“Before We Were Yours,” by former journalist Lisa Wingate, is a novel that is based on real life events that occurred in Memphis, Tennessee. This is an adult book with themes of abuse and violence. There may be some spoilers in this review, although I tried to avoid them. And, despite some of the predictability of the plot, it is worth the read!
I laughed, I cried, I stayed up well into the night with this book. This is a must read; a heartbreaking yet illuminating story about the strong bond between adoptees and their birth families. The story centers around two main characters and moves back and forth between the past and present day. Rill, the oldest of five children living in Memphis in 1939, lives with her parents in a shanty boat on the Mississippi River. The family lives a simple yet magical life on board their boat until a traumatic event occurs. The family is separated and the children are taken to a children’s welfare home. The second major character, Avery, is a present day successful lawyer with a philanthropist’s heart. She is a part of a prestigious family in the South, and has recently returned home to help her ailing father and prep for his seat in the Senate. While home, an encounter uncovers information and secrets about her family’s history.
ADOPTION AND SECRETS
The heartbreaking story of Rill and the separation of her family is based on one of the South’s real-life scandals. Georgia Tann, the director of a Memphis-based adoption organization, kidnapped and sold poor children to wealthy families all over the country in the 1930s and 1940s. Lisa Wingate has masterfully created a heart-wrenching yet inspiring book with themes around adoption and reunion from this difficult time period. These illegal adoptions were closed adoptions and full of secrecy and shame. Although these themes are often so hard to read, it is interesting to compare the differences between adoptions during this time in history and to see how far the adoption world and our culture has come in removing the secrets around adoption. The children’s foster care placements were actually at the “adoption agency” where they lived until they were adopted. This, I believe, is the most painful part of the book to read because of the conditions described.
One of the most artful pieces of this novel is the way the characters in the story are so interwoven. The stories mirror the identity work that so many of our BPAR clients embark on as they explore their complicated adoption histories and learn how their own personal story has shaped them throughout their lives. In a similar manner, the characters in this novel poignantly struggle with the accommodation and assimilation of two different personas. The novel demonstrates that adoptees of all ages feel they are made of two parts, the part of the them that they identify with their current life and their adoptive parents, and the part of them connected to their history and their birth parents. The book highlights the theme of identity, not only during childhood, but throughout the entire lifespan.

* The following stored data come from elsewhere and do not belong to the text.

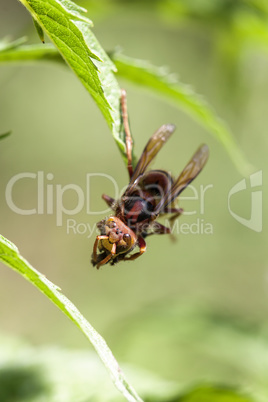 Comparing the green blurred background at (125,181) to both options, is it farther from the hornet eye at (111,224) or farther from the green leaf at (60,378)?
the hornet eye at (111,224)

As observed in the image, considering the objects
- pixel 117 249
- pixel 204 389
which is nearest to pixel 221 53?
pixel 117 249

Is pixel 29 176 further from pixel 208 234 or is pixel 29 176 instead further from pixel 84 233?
pixel 208 234

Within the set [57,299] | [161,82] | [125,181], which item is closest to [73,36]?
[57,299]

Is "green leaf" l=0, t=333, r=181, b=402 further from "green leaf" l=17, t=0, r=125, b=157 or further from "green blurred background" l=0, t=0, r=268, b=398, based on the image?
"green blurred background" l=0, t=0, r=268, b=398

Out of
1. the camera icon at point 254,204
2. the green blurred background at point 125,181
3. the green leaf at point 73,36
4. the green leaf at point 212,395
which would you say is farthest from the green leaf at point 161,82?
the camera icon at point 254,204

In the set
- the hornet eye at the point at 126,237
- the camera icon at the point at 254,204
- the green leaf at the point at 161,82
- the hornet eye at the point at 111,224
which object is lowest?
the hornet eye at the point at 126,237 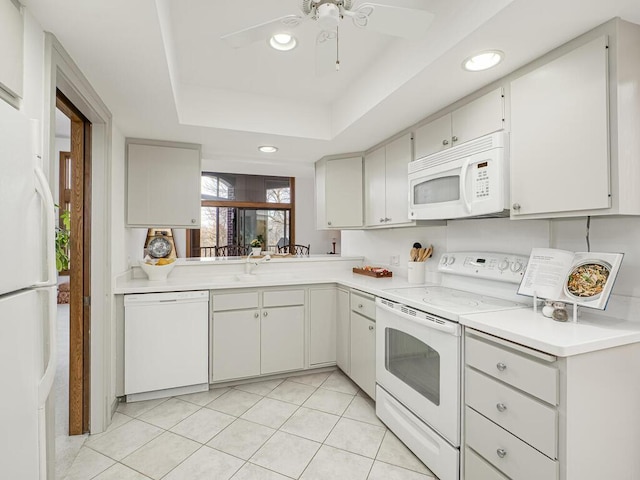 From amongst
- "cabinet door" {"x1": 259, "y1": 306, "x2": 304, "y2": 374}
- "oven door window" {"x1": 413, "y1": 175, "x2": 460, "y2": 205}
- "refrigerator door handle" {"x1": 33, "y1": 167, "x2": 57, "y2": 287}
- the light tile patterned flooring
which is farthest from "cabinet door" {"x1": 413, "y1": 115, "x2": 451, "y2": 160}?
"refrigerator door handle" {"x1": 33, "y1": 167, "x2": 57, "y2": 287}

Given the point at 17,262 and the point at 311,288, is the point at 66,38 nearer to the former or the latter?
the point at 17,262

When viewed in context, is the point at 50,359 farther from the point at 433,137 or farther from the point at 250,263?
the point at 433,137

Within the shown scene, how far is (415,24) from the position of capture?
1.28 meters

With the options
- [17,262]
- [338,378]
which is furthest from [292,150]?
[17,262]

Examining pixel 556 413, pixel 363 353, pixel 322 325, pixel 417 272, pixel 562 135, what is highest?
pixel 562 135

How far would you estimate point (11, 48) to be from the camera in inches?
43.5

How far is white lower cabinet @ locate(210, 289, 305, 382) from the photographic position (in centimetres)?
267

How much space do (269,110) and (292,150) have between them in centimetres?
55

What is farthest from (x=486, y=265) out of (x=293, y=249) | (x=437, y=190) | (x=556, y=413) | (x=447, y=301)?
(x=293, y=249)

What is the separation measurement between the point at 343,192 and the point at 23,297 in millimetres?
2685

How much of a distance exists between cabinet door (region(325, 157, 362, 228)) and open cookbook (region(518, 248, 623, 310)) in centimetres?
180

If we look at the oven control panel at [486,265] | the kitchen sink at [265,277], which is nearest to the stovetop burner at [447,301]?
the oven control panel at [486,265]

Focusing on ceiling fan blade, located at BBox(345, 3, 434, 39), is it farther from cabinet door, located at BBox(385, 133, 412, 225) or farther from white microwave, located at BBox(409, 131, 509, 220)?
cabinet door, located at BBox(385, 133, 412, 225)

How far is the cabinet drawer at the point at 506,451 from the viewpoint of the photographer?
1.21 metres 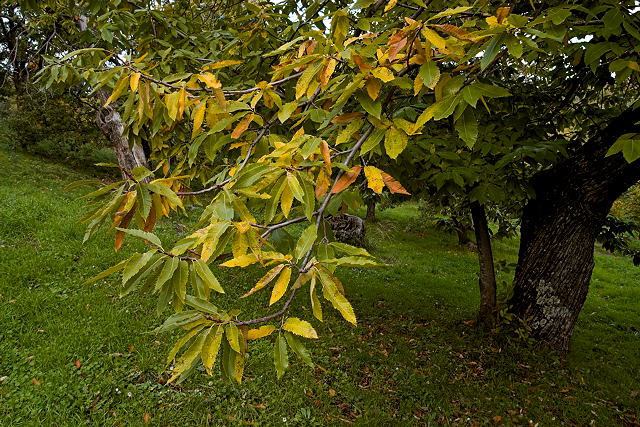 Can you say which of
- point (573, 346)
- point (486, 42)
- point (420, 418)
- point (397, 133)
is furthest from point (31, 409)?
point (573, 346)

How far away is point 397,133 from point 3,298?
575cm

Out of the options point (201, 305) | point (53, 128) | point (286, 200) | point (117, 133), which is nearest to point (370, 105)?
point (286, 200)

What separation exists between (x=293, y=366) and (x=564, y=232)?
11.9 feet

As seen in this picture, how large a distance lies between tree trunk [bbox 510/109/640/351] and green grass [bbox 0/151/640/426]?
1.72 feet

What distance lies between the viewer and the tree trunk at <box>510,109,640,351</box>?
13.7ft

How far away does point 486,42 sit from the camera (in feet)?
5.07

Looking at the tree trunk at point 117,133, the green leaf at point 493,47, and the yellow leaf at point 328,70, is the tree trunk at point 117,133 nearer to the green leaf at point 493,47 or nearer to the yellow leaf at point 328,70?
the yellow leaf at point 328,70

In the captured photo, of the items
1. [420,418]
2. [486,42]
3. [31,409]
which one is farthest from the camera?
[420,418]

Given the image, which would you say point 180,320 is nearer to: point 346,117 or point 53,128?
point 346,117

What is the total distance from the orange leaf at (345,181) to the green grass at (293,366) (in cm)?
299

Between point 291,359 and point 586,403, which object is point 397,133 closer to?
point 291,359

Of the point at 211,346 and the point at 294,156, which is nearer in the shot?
the point at 211,346

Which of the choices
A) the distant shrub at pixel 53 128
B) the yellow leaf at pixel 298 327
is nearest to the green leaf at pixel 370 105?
the yellow leaf at pixel 298 327

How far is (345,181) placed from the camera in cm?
157
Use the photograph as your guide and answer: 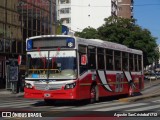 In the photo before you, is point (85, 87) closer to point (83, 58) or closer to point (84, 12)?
point (83, 58)

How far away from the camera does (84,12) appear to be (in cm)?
10625

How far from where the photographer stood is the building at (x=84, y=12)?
103 metres

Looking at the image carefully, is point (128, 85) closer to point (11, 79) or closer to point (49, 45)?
point (49, 45)

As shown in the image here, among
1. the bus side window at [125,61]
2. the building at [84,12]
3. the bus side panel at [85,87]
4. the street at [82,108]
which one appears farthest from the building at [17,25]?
the building at [84,12]

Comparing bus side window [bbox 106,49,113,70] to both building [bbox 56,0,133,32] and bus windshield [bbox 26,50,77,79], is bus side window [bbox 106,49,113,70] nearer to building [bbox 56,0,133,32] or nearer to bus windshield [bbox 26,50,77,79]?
bus windshield [bbox 26,50,77,79]

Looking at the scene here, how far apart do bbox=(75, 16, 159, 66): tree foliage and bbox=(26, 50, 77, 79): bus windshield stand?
44.0 m

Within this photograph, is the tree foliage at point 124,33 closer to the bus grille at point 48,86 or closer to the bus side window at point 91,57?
the bus side window at point 91,57

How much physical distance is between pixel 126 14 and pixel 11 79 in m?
96.0

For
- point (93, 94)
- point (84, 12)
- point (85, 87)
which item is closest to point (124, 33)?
point (84, 12)

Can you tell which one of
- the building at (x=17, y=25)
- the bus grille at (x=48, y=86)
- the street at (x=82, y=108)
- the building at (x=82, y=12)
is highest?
the building at (x=82, y=12)

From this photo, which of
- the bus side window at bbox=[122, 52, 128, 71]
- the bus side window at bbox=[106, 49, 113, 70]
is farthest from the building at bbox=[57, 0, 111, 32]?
the bus side window at bbox=[106, 49, 113, 70]

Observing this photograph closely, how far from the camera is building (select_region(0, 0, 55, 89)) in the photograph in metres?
43.7

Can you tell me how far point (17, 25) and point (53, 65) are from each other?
28608mm

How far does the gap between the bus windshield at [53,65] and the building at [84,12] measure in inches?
3286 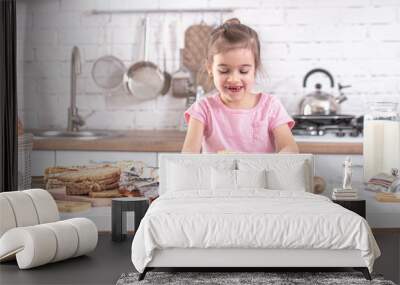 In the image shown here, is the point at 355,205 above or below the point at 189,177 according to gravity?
below

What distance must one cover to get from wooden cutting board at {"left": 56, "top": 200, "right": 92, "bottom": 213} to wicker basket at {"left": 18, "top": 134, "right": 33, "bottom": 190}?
39cm

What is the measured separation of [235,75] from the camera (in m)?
6.74

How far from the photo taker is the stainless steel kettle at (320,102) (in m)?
7.11

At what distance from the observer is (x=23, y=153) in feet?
23.2

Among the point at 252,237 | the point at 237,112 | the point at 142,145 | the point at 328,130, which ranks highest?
the point at 237,112

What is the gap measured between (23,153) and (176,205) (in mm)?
2555

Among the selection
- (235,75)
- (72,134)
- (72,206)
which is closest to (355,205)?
(235,75)

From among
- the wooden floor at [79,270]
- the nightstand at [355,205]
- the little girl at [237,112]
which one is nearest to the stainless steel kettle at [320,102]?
the little girl at [237,112]

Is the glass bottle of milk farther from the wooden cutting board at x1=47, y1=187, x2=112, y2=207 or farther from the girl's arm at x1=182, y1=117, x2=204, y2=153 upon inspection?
the wooden cutting board at x1=47, y1=187, x2=112, y2=207

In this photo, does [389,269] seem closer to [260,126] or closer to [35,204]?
[260,126]

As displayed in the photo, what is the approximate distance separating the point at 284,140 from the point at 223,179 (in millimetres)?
993

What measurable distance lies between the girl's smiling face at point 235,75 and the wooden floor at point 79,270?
1.63 meters

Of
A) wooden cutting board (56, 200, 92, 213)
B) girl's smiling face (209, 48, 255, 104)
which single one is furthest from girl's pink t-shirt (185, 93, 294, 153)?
wooden cutting board (56, 200, 92, 213)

This is a unique adoption story for it depicts several biological siblings being separated and adopted by multiple families. Although the book is fiction, we know that biological siblings are often separated in the current foster care system. This can present challenges for children of all ages, and a whole different perspective on loss. At BPAR, we often see children struggle with the loss of biological and foster care siblings. We also see the powerful and healing bonds during the reunion of birth siblings.
This novel is relevant culturally regarding the recent popularity of 23andMe and Ancestry(dot)com. One of my favorite parts was the “lone crusader” character, adopted as a child, who attempts to reunite birth siblings and families and gather information for the individuals about their life stories. This character’s passion to help other adoptees find their stories and their histories is inspiring, and true to the deep bond adoptees often seek with their roots and their birth families.
The book’s format, alternating between characters and time, will keep readers engaged and eager to turn its pages. This book is suitable for adults interested in learning more about this notorious time period. Given the nature of the book’s topics, this book may evoke powerful feelings for individuals whose stories resonate or for anyone connected to adoption.